[Problem description] The listing that follows must be retyped exactly, without its pictures.

[Data section]
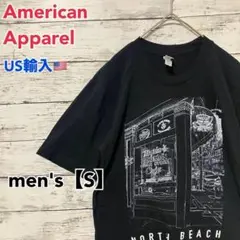 ●T356【US輸入】アメリカンアパレル Tシャツ ブラック系 men's【S】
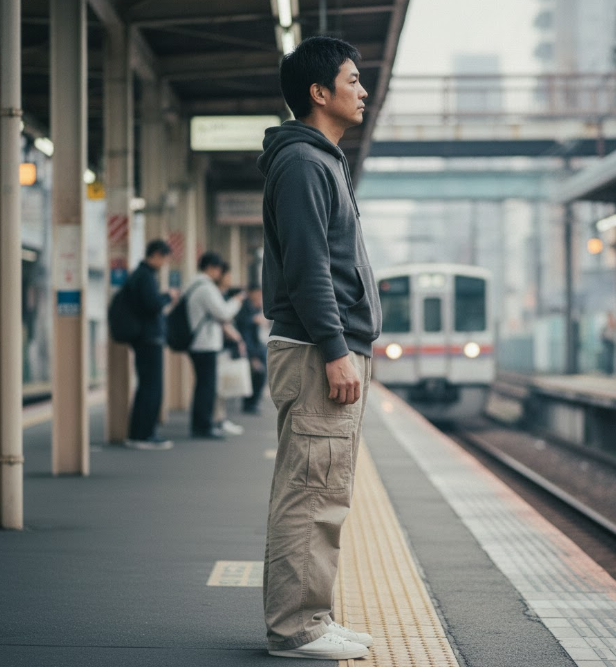 A person shown in profile in a public setting with a neutral posture and muted tones.
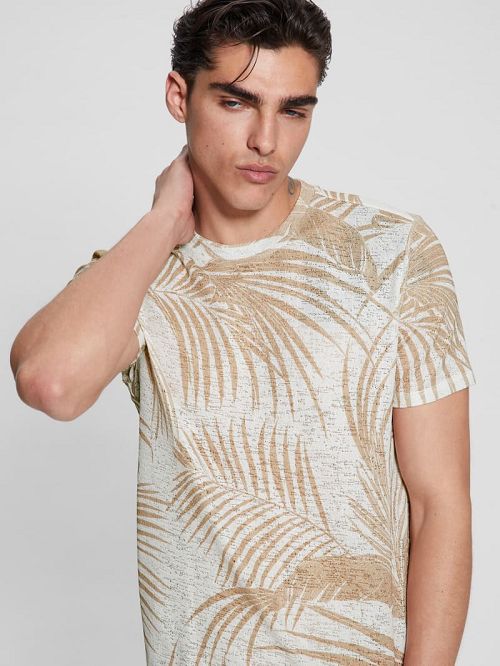 Guess Gauze Baja Palm Tee Bej | GUESS-SN30587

[Exercise output]
 ●T356【US輸入】アメリカンアパレル Tシャツ ブラック系 men's【S】
 A person shown in profile in a public setting with a neutral posture and muted tones.
 Guess Gauze Baja Palm Tee Bej | GUESS-SN30587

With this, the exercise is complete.